==== INPUT MATERIAL ====
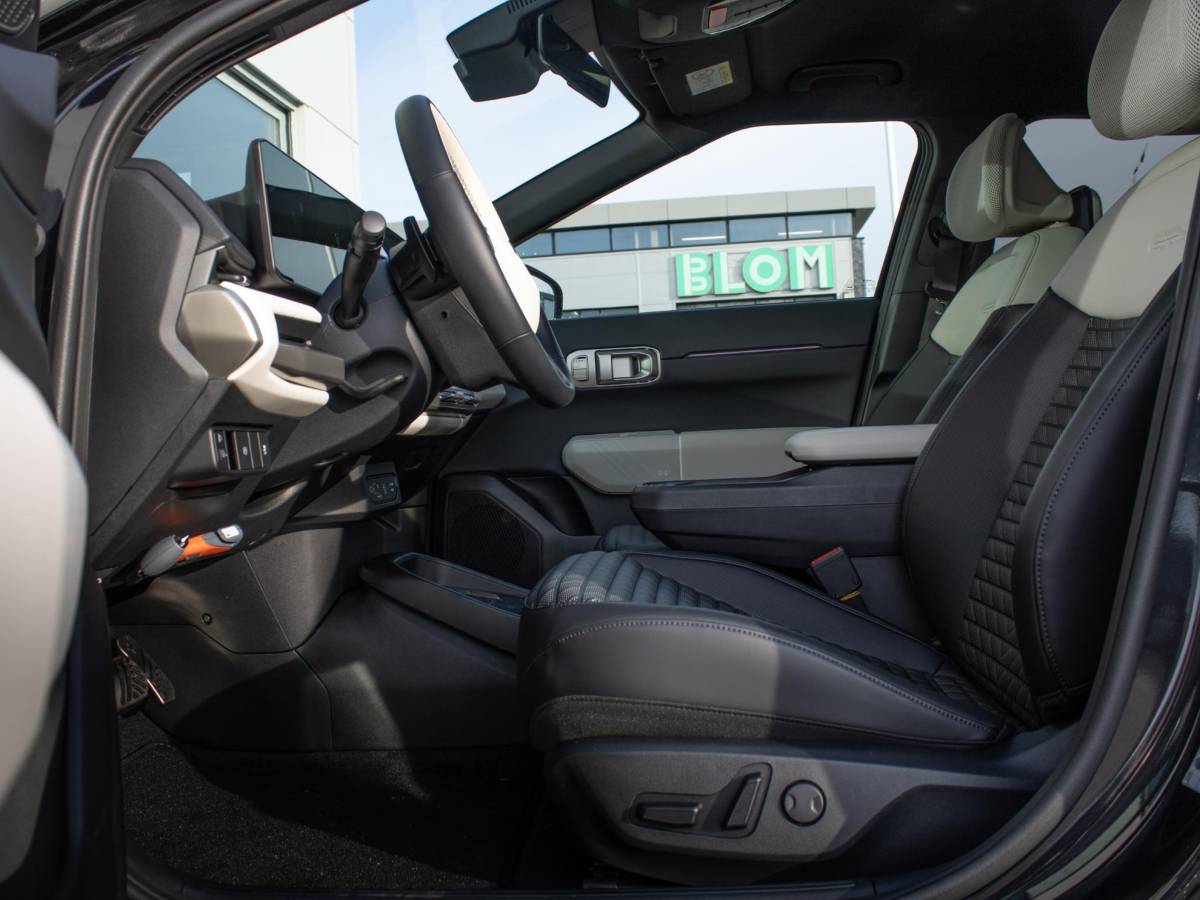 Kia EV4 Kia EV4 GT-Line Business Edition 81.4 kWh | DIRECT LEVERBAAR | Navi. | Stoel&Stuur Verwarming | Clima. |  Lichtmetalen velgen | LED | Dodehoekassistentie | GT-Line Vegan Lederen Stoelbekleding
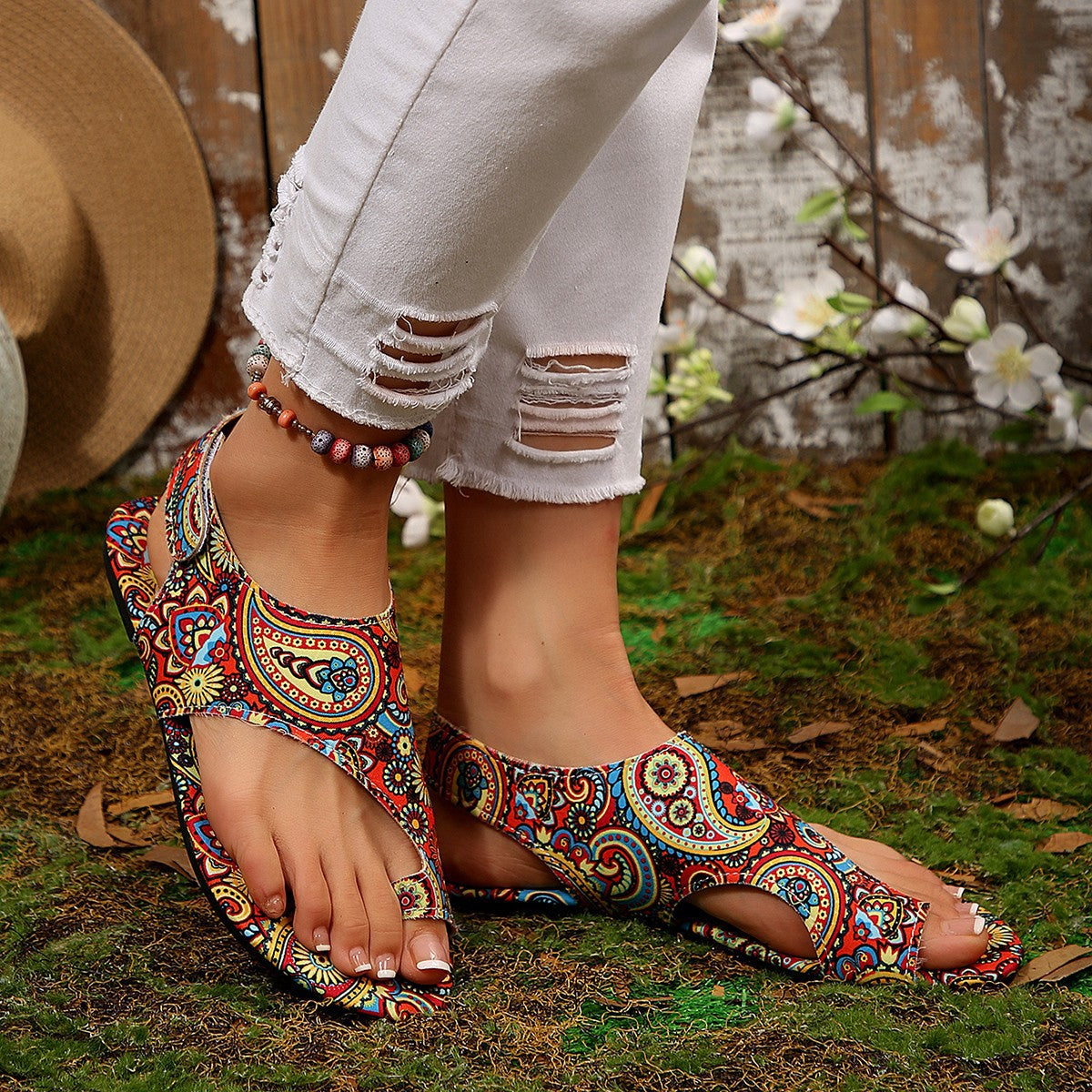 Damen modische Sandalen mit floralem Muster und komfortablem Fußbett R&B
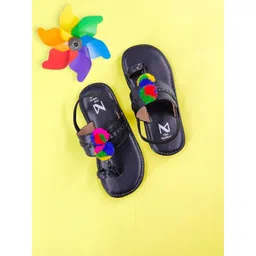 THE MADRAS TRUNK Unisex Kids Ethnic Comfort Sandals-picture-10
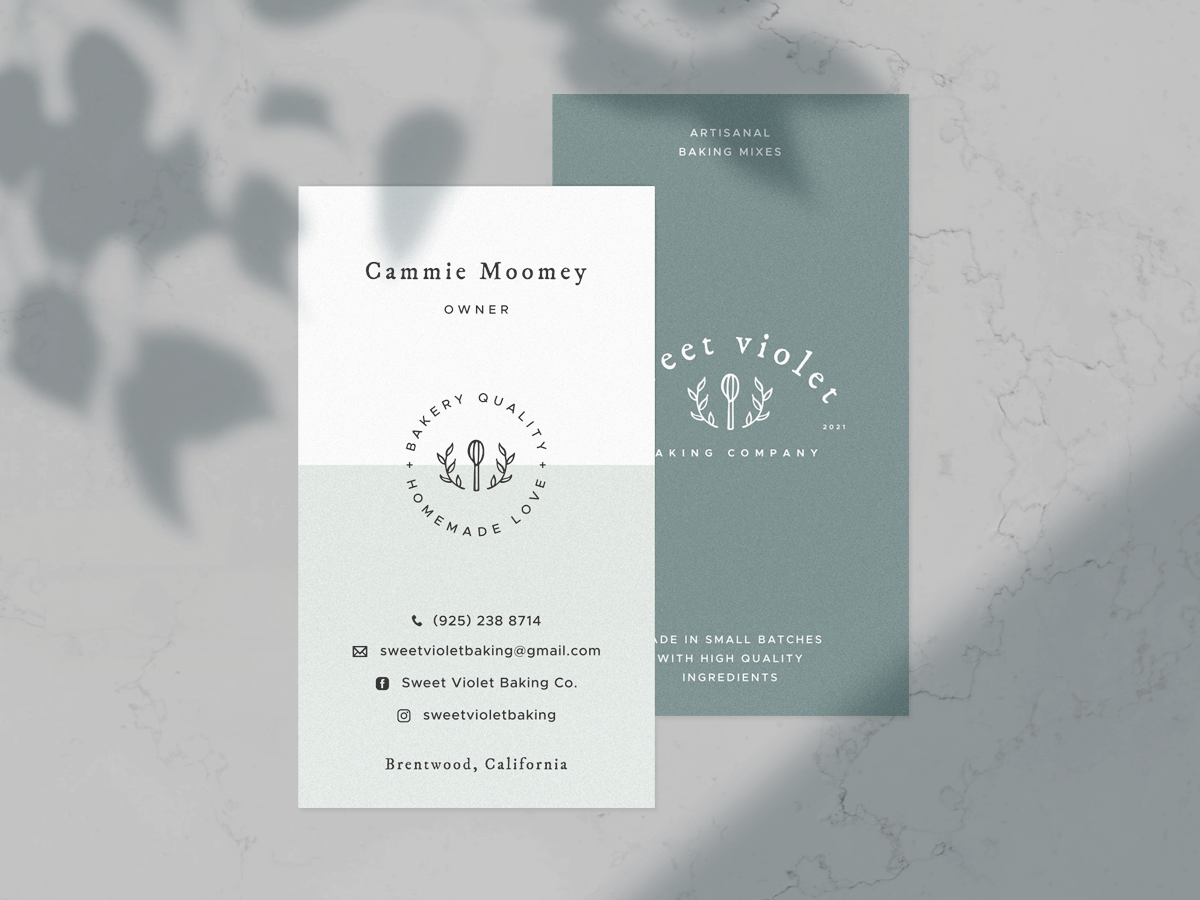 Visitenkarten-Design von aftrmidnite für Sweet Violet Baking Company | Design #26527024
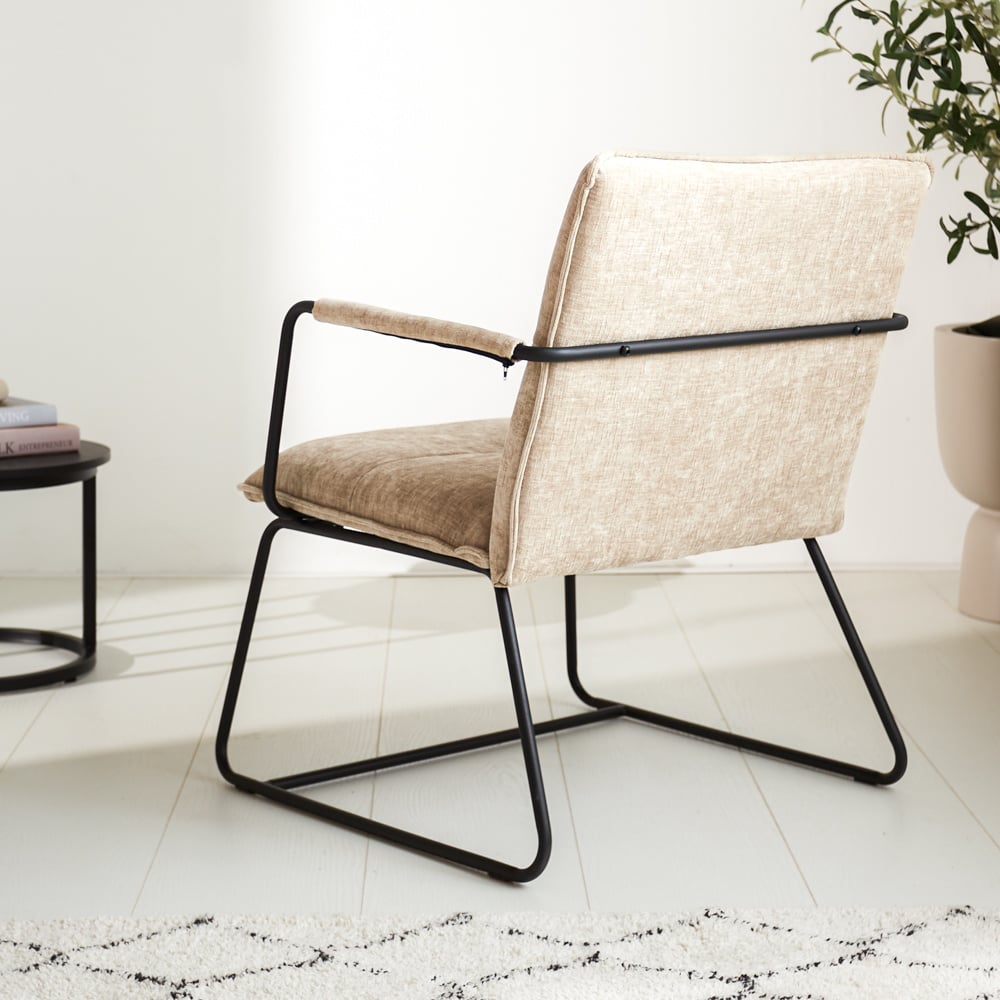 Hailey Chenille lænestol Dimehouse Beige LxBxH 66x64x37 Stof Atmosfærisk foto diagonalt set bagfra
====
#### PROBLEM REQUIREMENTS
Please retype only the lines from the line that holds "Damen modische Sandalen" through the end of the records, exactly as they stand, and drop every picture.

#### SOLUTION BELOW
 Damen modische Sandalen mit floralem Muster und komfortablem Fußbett R&B
 THE MADRAS TRUNK Unisex Kids Ethnic Comfort Sandals-picture-10
 Visitenkarten-Design von aftrmidnite für Sweet Violet Baking Company | Design #26527024
 Hailey Chenille lænestol Dimehouse Beige LxBxH 66x64x37 Stof Atmosfærisk foto diagonalt set bagfra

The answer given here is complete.